Down to the last line, reproduce the data below exactly.
▶
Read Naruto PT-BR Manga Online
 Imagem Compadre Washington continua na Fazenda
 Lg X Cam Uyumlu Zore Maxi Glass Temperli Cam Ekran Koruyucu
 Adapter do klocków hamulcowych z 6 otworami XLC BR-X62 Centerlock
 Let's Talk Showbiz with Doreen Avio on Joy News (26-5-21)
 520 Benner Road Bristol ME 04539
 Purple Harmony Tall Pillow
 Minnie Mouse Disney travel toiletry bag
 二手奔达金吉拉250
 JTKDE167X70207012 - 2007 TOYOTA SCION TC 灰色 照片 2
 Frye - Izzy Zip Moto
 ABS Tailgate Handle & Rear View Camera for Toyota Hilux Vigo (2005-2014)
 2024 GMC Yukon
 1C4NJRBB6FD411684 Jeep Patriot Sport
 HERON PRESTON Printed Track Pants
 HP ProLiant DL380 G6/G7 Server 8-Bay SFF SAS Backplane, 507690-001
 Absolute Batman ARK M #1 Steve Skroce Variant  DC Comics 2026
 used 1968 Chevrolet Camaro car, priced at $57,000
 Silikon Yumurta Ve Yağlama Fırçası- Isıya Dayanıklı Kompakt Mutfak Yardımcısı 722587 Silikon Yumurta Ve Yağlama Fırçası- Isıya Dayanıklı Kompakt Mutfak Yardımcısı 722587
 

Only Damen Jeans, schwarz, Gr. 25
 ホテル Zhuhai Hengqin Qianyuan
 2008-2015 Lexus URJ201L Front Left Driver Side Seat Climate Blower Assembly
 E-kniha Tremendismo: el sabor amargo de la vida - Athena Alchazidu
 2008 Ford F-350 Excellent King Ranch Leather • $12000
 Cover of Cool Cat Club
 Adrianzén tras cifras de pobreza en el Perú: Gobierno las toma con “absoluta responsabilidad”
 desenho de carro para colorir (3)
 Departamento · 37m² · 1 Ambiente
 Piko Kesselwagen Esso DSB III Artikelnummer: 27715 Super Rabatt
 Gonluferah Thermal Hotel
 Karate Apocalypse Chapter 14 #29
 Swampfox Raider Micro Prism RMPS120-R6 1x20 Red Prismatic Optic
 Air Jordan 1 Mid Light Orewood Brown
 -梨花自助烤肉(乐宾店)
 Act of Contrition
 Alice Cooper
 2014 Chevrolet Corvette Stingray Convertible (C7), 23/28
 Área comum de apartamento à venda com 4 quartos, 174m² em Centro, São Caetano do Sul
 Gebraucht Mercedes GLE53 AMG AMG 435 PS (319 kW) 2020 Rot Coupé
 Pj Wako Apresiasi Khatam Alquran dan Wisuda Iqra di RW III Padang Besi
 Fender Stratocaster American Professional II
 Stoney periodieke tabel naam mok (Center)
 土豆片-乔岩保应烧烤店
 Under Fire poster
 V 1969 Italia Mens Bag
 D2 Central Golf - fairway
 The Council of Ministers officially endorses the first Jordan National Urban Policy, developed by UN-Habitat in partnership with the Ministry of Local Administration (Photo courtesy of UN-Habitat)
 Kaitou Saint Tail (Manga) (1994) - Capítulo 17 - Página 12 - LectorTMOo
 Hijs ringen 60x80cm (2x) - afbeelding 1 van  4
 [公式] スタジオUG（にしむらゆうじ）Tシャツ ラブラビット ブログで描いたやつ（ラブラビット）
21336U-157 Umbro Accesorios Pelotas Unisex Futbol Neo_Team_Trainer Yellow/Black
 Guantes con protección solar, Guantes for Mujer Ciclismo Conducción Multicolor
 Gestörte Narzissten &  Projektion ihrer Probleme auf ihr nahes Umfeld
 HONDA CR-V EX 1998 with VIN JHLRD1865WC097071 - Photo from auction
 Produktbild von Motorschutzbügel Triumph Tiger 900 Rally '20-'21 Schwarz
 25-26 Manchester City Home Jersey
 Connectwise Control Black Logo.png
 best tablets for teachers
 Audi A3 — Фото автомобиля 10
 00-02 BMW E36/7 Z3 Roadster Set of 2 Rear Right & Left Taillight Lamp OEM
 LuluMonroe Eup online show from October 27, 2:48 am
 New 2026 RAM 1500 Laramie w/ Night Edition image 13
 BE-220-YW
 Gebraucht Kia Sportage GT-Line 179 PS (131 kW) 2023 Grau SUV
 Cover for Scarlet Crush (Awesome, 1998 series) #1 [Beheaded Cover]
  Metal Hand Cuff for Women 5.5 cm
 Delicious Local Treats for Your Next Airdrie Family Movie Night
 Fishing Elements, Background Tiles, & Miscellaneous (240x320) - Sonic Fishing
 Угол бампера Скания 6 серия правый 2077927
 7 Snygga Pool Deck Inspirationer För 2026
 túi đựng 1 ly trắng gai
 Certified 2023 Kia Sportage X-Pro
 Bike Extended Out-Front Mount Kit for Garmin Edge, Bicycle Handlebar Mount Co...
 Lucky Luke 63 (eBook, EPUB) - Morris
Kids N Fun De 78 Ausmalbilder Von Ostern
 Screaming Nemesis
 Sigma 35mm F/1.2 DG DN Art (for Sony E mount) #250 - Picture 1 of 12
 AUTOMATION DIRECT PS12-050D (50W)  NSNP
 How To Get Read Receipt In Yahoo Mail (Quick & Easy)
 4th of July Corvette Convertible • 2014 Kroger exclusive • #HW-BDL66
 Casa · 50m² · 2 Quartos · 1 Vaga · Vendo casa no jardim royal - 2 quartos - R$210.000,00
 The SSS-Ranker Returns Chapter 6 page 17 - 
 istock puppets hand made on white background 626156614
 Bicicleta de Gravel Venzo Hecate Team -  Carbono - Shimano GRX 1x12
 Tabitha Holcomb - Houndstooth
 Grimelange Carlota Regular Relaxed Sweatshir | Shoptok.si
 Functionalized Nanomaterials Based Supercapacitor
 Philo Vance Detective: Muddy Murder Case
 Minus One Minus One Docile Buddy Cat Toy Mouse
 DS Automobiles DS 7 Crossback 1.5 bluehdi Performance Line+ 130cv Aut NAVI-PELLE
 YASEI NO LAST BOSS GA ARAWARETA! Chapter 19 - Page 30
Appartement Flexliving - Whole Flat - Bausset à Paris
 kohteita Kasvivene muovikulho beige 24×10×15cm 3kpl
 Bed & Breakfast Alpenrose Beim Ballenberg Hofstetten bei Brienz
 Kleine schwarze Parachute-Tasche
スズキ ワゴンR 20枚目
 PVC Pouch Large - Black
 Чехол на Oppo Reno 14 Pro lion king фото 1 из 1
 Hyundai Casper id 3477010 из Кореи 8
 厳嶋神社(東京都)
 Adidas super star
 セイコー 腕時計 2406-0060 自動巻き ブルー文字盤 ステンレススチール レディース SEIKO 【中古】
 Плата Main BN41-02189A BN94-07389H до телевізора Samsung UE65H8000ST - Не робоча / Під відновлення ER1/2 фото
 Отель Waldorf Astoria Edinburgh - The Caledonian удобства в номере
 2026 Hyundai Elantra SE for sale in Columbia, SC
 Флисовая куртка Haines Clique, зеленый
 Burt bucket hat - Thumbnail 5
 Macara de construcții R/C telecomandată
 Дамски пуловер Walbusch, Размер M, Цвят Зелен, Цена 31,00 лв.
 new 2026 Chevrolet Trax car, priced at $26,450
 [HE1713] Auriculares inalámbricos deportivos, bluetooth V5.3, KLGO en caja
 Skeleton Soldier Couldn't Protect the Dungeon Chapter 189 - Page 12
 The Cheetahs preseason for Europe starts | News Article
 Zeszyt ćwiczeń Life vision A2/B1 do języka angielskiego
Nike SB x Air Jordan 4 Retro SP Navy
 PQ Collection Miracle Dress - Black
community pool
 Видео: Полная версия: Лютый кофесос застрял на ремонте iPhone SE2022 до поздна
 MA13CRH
◀
Exercise response:
Read Naruto PT-BR Manga Online
 Imagem Compadre Washington continua na Fazenda
 Lg X Cam Uyumlu Zore Maxi Glass Temperli Cam Ekran Koruyucu
 Adapter do klocków hamulcowych z 6 otworami XLC BR-X62 Centerlock
 Let's Talk Showbiz with Doreen Avio on Joy News (26-5-21)
 520 Benner Road Bristol ME 04539
 Purple Harmony Tall Pillow
 Minnie Mouse Disney travel toiletry bag
 二手奔达金吉拉250
 JTKDE167X70207012 - 2007 TOYOTA SCION TC 灰色 照片 2
 Frye - Izzy Zip Moto
 ABS Tailgate Handle & Rear View Camera for Toyota Hilux Vigo (2005-2014)
 2024 GMC Yukon
 1C4NJRBB6FD411684 Jeep Patriot Sport
 HERON PRESTON Printed Track Pants
 HP ProLiant DL380 G6/G7 Server 8-Bay SFF SAS Backplane, 507690-001
 Absolute Batman ARK M #1 Steve Skroce Variant  DC Comics 2026
 used 1968 Chevrolet Camaro car, priced at $57,000
 Silikon Yumurta Ve Yağlama Fırçası- Isıya Dayanıklı Kompakt Mutfak Yardımcısı 722587 Silikon Yumurta Ve Yağlama Fırçası- Isıya Dayanıklı Kompakt Mutfak Yardımcısı 722587
 

Only Damen Jeans, schwarz, Gr. 25
 ホテル Zhuhai Hengqin Qianyuan
 2008-2015 Lexus URJ201L Front Left Driver Side Seat Climate Blower Assembly
 E-kniha Tremendismo: el sabor amargo de la vida - Athena Alchazidu
 2008 Ford F-350 Excellent King Ranch Leather • $12000
 Cover of Cool Cat Club
 Adrianzén tras cifras de pobreza en el Perú: Gobierno las toma con “absoluta responsabilidad”
 desenho de carro para colorir (3)
 Departamento · 37m² · 1 Ambiente
 Piko Kesselwagen Esso DSB III Artikelnummer: 27715 Super Rabatt
 Gonluferah Thermal Hotel
 Karate Apocalypse Chapter 14 #29
 Swampfox Raider Micro Prism RMPS120-R6 1x20 Red Prismatic Optic
 Air Jordan 1 Mid Light Orewood Brown
 -梨花自助烤肉(乐宾店)
 Act of Contrition
 Alice Cooper
 2014 Chevrolet Corvette Stingray Convertible (C7), 23/28
 Área comum de apartamento à venda com 4 quartos, 174m² em Centro, São Caetano do Sul
 Gebraucht Mercedes GLE53 AMG AMG 435 PS (319 kW) 2020 Rot Coupé
 Pj Wako Apresiasi Khatam Alquran dan Wisuda Iqra di RW III Padang Besi
 Fender Stratocaster American Professional II
 Stoney periodieke tabel naam mok (Center)
 土豆片-乔岩保应烧烤店
 Under Fire poster
 V 1969 Italia Mens Bag
 D2 Central Golf - fairway
 The Council of Ministers officially endorses the first Jordan National Urban Policy, developed by UN-Habitat in partnership with the Ministry of Local Administration (Photo courtesy of UN-Habitat)
 Kaitou Saint Tail (Manga) (1994) - Capítulo 17 - Página 12 - LectorTMOo
 Hijs ringen 60x80cm (2x) - afbeelding 1 van  4
 [公式] スタジオUG（にしむらゆうじ）Tシャツ ラブラビット ブログで描いたやつ（ラブラビット）
21336U-157 Umbro Accesorios Pelotas Unisex Futbol Neo_Team_Trainer Yellow/Black
 Guantes con protección solar, Guantes for Mujer Ciclismo Conducción Multicolor
 Gestörte Narzissten &  Projektion ihrer Probleme auf ihr nahes Umfeld
 HONDA CR-V EX 1998 with VIN JHLRD1865WC097071 - Photo from auction
 Produktbild von Motorschutzbügel Triumph Tiger 900 Rally '20-'21 Schwarz
 25-26 Manchester City Home Jersey
 Connectwise Control Black Logo.png
 best tablets for teachers
 Audi A3 — Фото автомобиля 10
 00-02 BMW E36/7 Z3 Roadster Set of 2 Rear Right & Left Taillight Lamp OEM
 LuluMonroe Eup online show from October 27, 2:48 am
 New 2026 RAM 1500 Laramie w/ Night Edition image 13
 BE-220-YW
 Gebraucht Kia Sportage GT-Line 179 PS (131 kW) 2023 Grau SUV
 Cover for Scarlet Crush (Awesome, 1998 series) #1 [Beheaded Cover]
  Metal Hand Cuff for Women 5.5 cm
 Delicious Local Treats for Your Next Airdrie Family Movie Night
 Fishing Elements, Background Tiles, & Miscellaneous (240x320) - Sonic Fishing
 Угол бампера Скания 6 серия правый 2077927
 7 Snygga Pool Deck Inspirationer För 2026
 túi đựng 1 ly trắng gai
 Certified 2023 Kia Sportage X-Pro
 Bike Extended Out-Front Mount Kit for Garmin Edge, Bicycle Handlebar Mount Co...
 Lucky Luke 63 (eBook, EPUB) - Morris
Kids N Fun De 78 Ausmalbilder Von Ostern
 Screaming Nemesis
 Sigma 35mm F/1.2 DG DN Art (for Sony E mount) #250 - Picture 1 of 12
 AUTOMATION DIRECT PS12-050D (50W)  NSNP
 How To Get Read Receipt In Yahoo Mail (Quick & Easy)
 4th of July Corvette Convertible • 2014 Kroger exclusive • #HW-BDL66
 Casa · 50m² · 2 Quartos · 1 Vaga · Vendo casa no jardim royal - 2 quartos - R$210.000,00
 The SSS-Ranker Returns Chapter 6 page 17 - 
 istock puppets hand made on white background 626156614
 Bicicleta de Gravel Venzo Hecate Team -  Carbono - Shimano GRX 1x12
 Tabitha Holcomb - Houndstooth
 Grimelange Carlota Regular Relaxed Sweatshir | Shoptok.si
 Functionalized Nanomaterials Based Supercapacitor
 Philo Vance Detective: Muddy Murder Case
 Minus One Minus One Docile Buddy Cat Toy Mouse
 DS Automobiles DS 7 Crossback 1.5 bluehdi Performance Line+ 130cv Aut NAVI-PELLE
 YASEI NO LAST BOSS GA ARAWARETA! Chapter 19 - Page 30
Appartement Flexliving - Whole Flat - Bausset à Paris
 kohteita Kasvivene muovikulho beige 24×10×15cm 3kpl
 Bed & Breakfast Alpenrose Beim Ballenberg Hofstetten bei Brienz
 Kleine schwarze Parachute-Tasche
スズキ ワゴンR 20枚目
 PVC Pouch Large - Black
 Чехол на Oppo Reno 14 Pro lion king фото 1 из 1
 Hyundai Casper id 3477010 из Кореи 8
 厳嶋神社(東京都)
 Adidas super star
 セイコー 腕時計 2406-0060 自動巻き ブルー文字盤 ステンレススチール レディース SEIKO 【中古】
 Плата Main BN41-02189A BN94-07389H до телевізора Samsung UE65H8000ST - Не робоча / Під відновлення ER1/2 фото
 Отель Waldorf Astoria Edinburgh - The Caledonian удобства в номере
 2026 Hyundai Elantra SE for sale in Columbia, SC
 Флисовая куртка Haines Clique, зеленый
 Burt bucket hat - Thumbnail 5
 Macara de construcții R/C telecomandată
 Дамски пуловер Walbusch, Размер M, Цвят Зелен, Цена 31,00 лв.
 new 2026 Chevrolet Trax car, priced at $26,450
 [HE1713] Auriculares inalámbricos deportivos, bluetooth V5.3, KLGO en caja
 Skeleton Soldier Couldn't Protect the Dungeon Chapter 189 - Page 12
 The Cheetahs preseason for Europe starts | News Article
 Zeszyt ćwiczeń Life vision A2/B1 do języka angielskiego
Nike SB x Air Jordan 4 Retro SP Navy
 PQ Collection Miracle Dress - Black
community pool
 Видео: Полная версия: Лютый кофесос застрял на ремонте iPhone SE2022 до поздна
 MA13CRH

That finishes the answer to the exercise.